Solid aggregate 2Q25 recurring growth of 5.0% YoY on office rentals. In 2Q25, MKPI’s recurring income saw positive growth of 5.0% YoY to IDR 489bn, driven primarily by office rental revenues which expanded +9.8% YoY, supported by sustained demand for office space in prime locations. On shopping malls, rental revenue remained MKPI’s key contributor, up 4.7% YoY to IDR 319bn, though slightly down -1.3% QoQ. In terms of hotels, revenue was relatively flat on YoY basis at IDR 63bn (+1.1% YoY), but rose significantly 17.5% QoQ, thanks to 1Q25 low base-effect from Ramadan and Eid season. Water park segment posted 2Q25 positive GPM of 38.9%, a complete turnaround from previous quarter’s -29.1%, bringing the segment’s 6M25 GPM to 17.6%. Meanwhile, land and building sales fell sharply -71.3% YoY and -62.0% QoQ, contributing just 3.9% to total 2Q25 revenue (1Q25: 9.8%) on soft new project launches.
1H25 net profit down -13.5% YoY, relatively in-line with our estimate. In 2Q25, MKPI reported revenue of IDR 602bn, down -4.1% YoY and -5.1% QoQ. The YoY decline was primarily driven by -71.3% sharp drop in land and building sales. However, resilient growth in recurring income—particularly from rentals and land lease revenues (+5.0% YoY)—helped cushion the topline contraction. Also, it is worth noting that land and building sales accounted for only 3.9% of total 2Q25 revenue, substantially lower than the contributions from shopping mall rentals (52.9%), office rentals (11.6%), and hotels (10.2%). On the bottom line, MKPI posted 2Q25 net profit of IDR 231bn, down -13.5% YoY. Meanwhile, 6M25 revenues grew +3.1% YoY to IDR 1.2tn, gross profit rose +5.0% to IDR 655bn, operating profit increased +4.2% to IDR 564bn, and net profit rose +1.5% YoY to IDR 480bn—representing 41.9% of our FY25 forecast (vs. 3Y average: 43.5%), relatively in-line with our estimate.

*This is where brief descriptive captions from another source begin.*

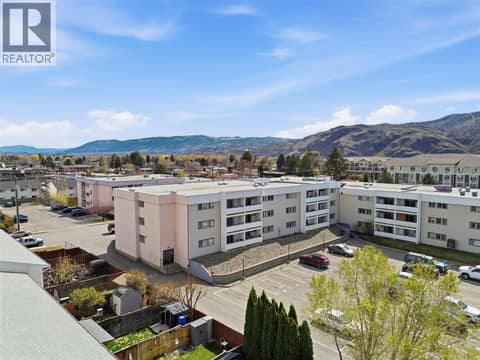 Photo 38 of 1900 TRANQUILLE Road Unit# 16, Brocklehurst, Kamloops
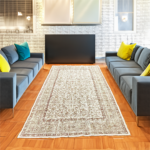 5.5* 8.1 Feet Vintage Turkish Isparta Rug,  Area Rug, Handmade Rug, Vintage Rug, Old Rug, Wool Rug, Anatolian Rug,Handmade Vintage Area Rug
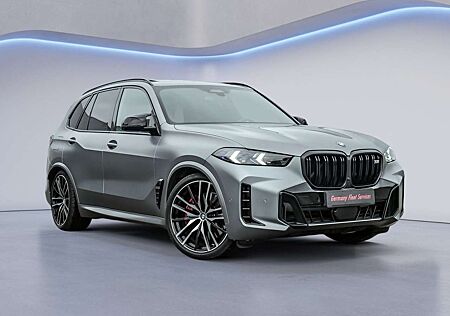 BMW Others X5 M60i M-Sport PRO LUFT*MASSAGE*PANO-SKY*B&W*22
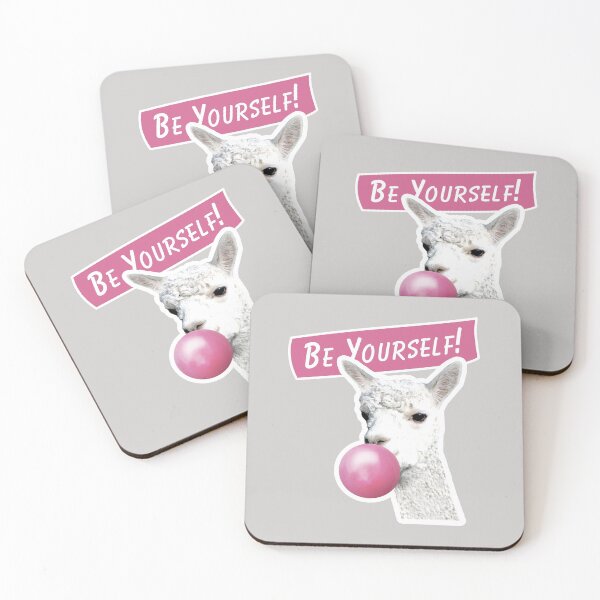Item preview, All you need is love and llamas designed and sold by ddmicke.
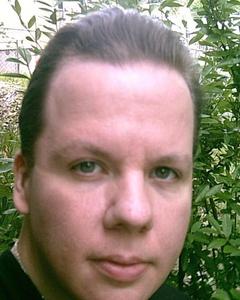 Man, 54. cotk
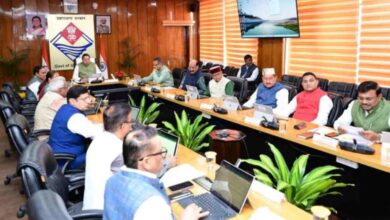 Photo of उत्तराखंड: राज्य में वन भूमि आवंटन की जांच के लिए एसआईटी गठित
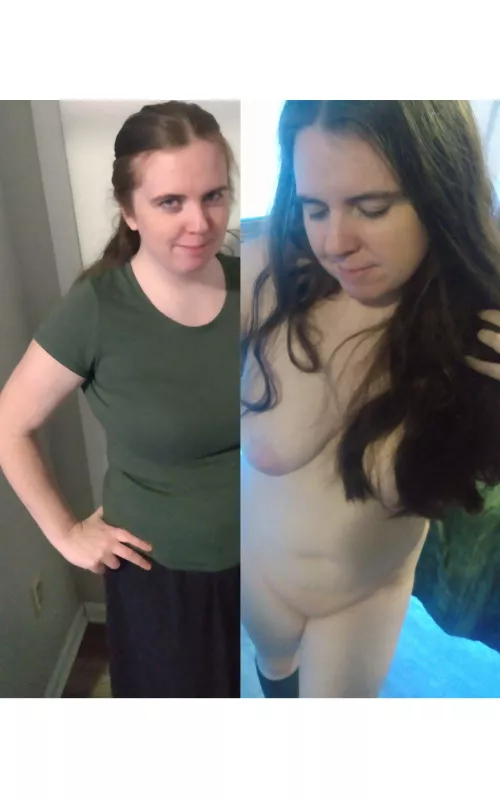 Left or Right?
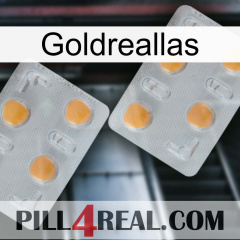 Goldreallas 25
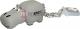 Pendrive Emtec M324 ANIMALS HIPPO (EKMMD4GM324) 4GB 1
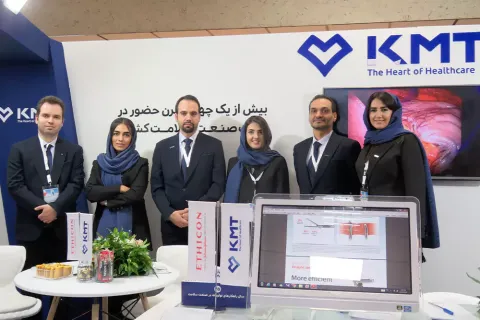 5th International Congress of Iranian Society of Metabolic & Bariatric Surgeons — 2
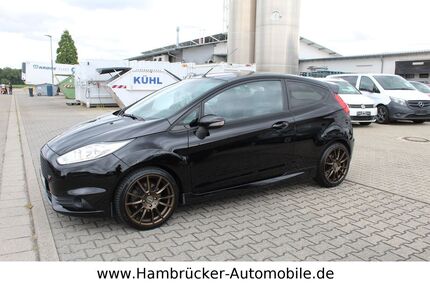 Ford Fiesta 164.500 km 8.490 € Hambrücken 76707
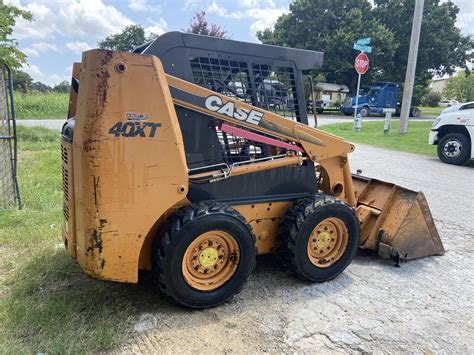 40xt case skid steer|case 40xt reviews.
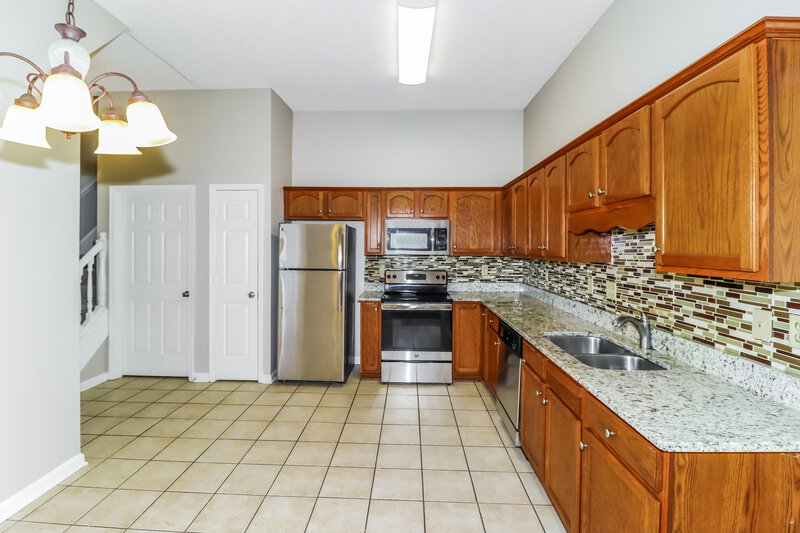 2,090/Mo, 1418 Hidden Ridge Ln Cordova, TN 38016 Misc View 6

BUY with TP of IDR 32,000 (+39% upside) on 50% discount to RNAV. We reiterate our BUY rating on MKPI with IDR 32,000 TP, based on reduced RNAV discount from 65% to 50%, reflecting MKPI’s minimal exposure to interest rate risk, supported by net cash position, relatively low contribution from development revenue (6M25: 21.2%), and highest ROAA in the sector. Key downside risks to our call include slower-than-expected rental rate growth and lower occupancy levels.